EDITED: Thanks to Elrod for politely pointing out a very obvious mistake in my code. I’m leaving the question open as even with the fix JLD2 is still significantly slower than HDF5.

Hi all,

I asked a question on StackOverflow here about the fastest way to save matrices of floats. I was directed to JLD2 and the docs page suggests that performance might be comparable to serialize. I just put together a quick test for writing matrices, and found JLD2 to be about 4 times slower than serialize and HDF5. Is this expected timings, or is there a way to speed this up? I’m on julia v0.6 on Ubuntu 16.04, and just ran a Pkg.update() before posting. My (very simple) test code follows:

using JLD2, FileIO, HDF5
function f_create_jld(N::Int)
    dp = "/home/colin/Temp/"
    for n = 1:N
        fp = "$(dp)$(n).jld2"
        x = randn(1000,1000)
        @save fp x
        rm(fp)
    end
end
function f_create_dlm(N::Int)
    dp = "/home/colin/Temp/"
    for n = 1:N
        fp = "$(dp)$(n).csv"
        writedlm(fp, randn(1000,1000), ',')
        rm(fp)
    end
end
function f_create_h5(N::Int)
    dp = "/home/colin/Temp/"
    for n = 1:N
        fp = "$(dp)$(n).h5"
        h5write(fp, "G/D", randn(1000, 1000))
        rm(fp)
    end
end
function f_create_slz(N::Int)
    dp = "/home/colin/Temp/"
    for n = 1:N
        fp = "$(dp)$(n)"
        fid1 = open(fp, "w")
        serialize(fid1, randn(1000, 1000))
        close(fid1)
        rm(fp)
    end
end
N = 1
f_create_jld(N)
f_create_dlm(N)
f_create_h5(N)
f_create_slz(N)

Then setting N = 10, I get:

julia> @time f_create_jld(N)
  0.452258 seconds (924 allocations: 76.376 MiB, 1.94% gc time)

julia> @time f_create_dlm(N)
  2.784344 seconds (10.02 M allocations: 418.429 MiB, 0.57% gc time)

julia> @time f_create_h5(N)
  0.106710 seconds (214 allocations: 76.303 MiB, 1.11% gc time)
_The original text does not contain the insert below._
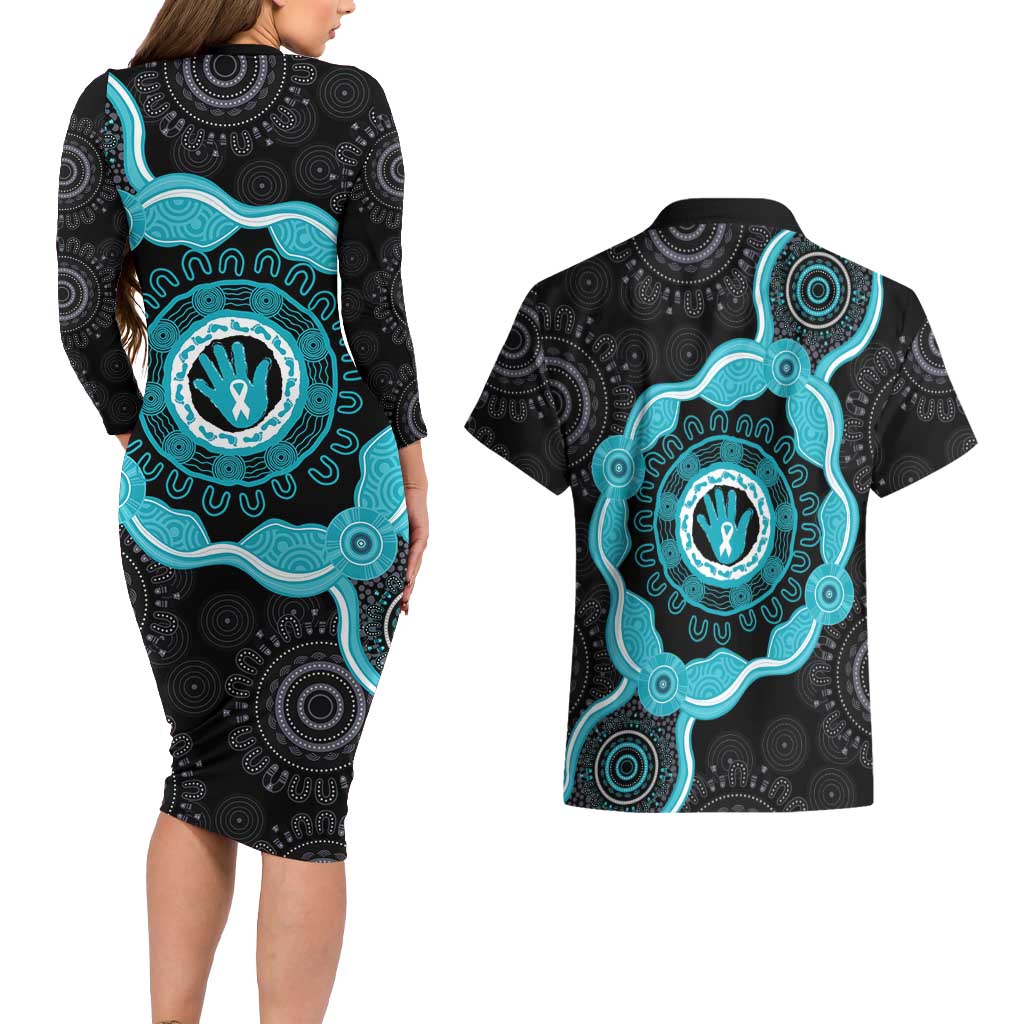 Australia Ovarian Cancer Awareness Couples Matching Long Sleeve Bodycon Dress and Hawaiian Shirt Brave Strong Teal Ribbon Aboriginal Art - Aussie Hoodie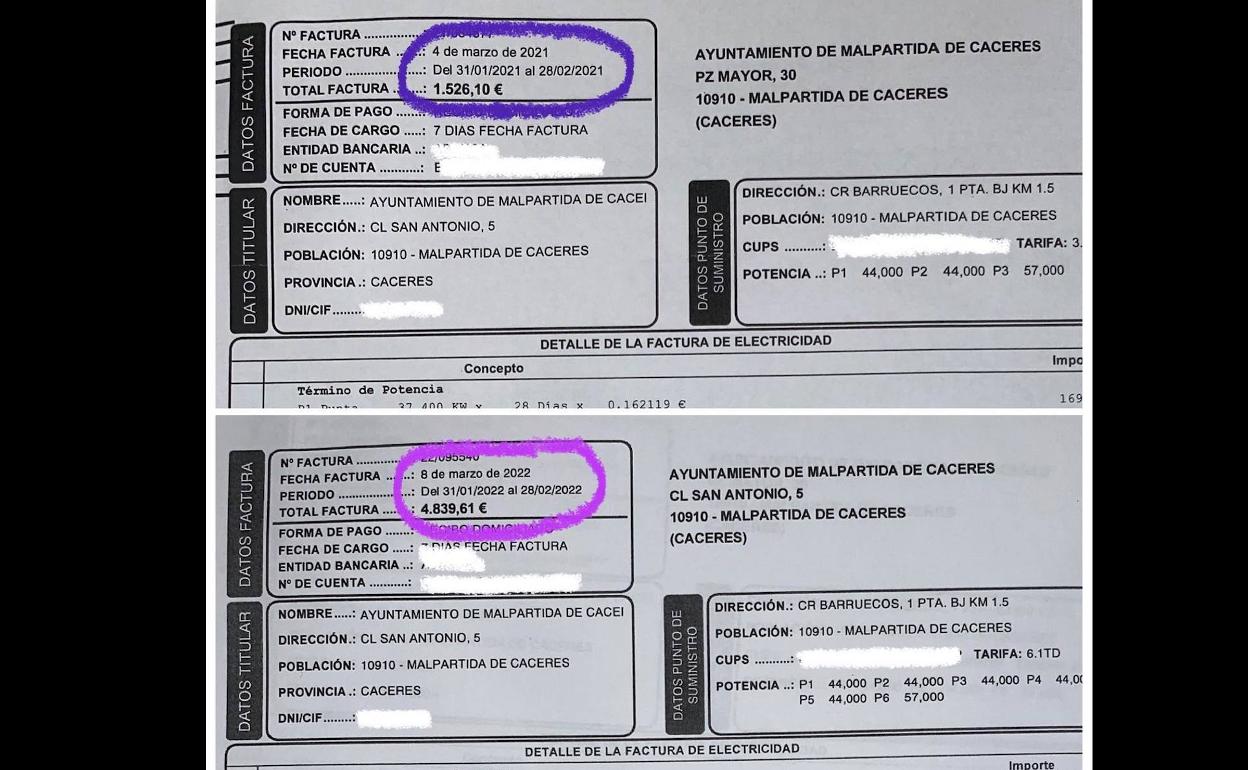El alcalde de Malpartida de Cáceres pone de ejemplo la factura de luz de la EDAR para explicar cómo afecta el incremento de precios al Ayuntamiento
julia> @time f_create_slz(N)
  0.105692 seconds (224 allocations: 76.313 MiB, 4.09% gc time)
function f_create_jld(N::Int)
    dp = "/home/colin/Temp/"
    for n = 1:N
        for n = 1:N
            fp = "$(dp)$(n).jld2"
            x = randn(1000,1000)
            @save fp x
            rm(fp)
        end
    end
end

I’d try removing one of those for loops. That’d only account for about 10x, but would put jld2 closer.

Oh jesus, that’s embarrassing.

Thanks for pointing that out. I must have looked 10 times and not spotted this.

ps have edited the question and title to reflect the correction.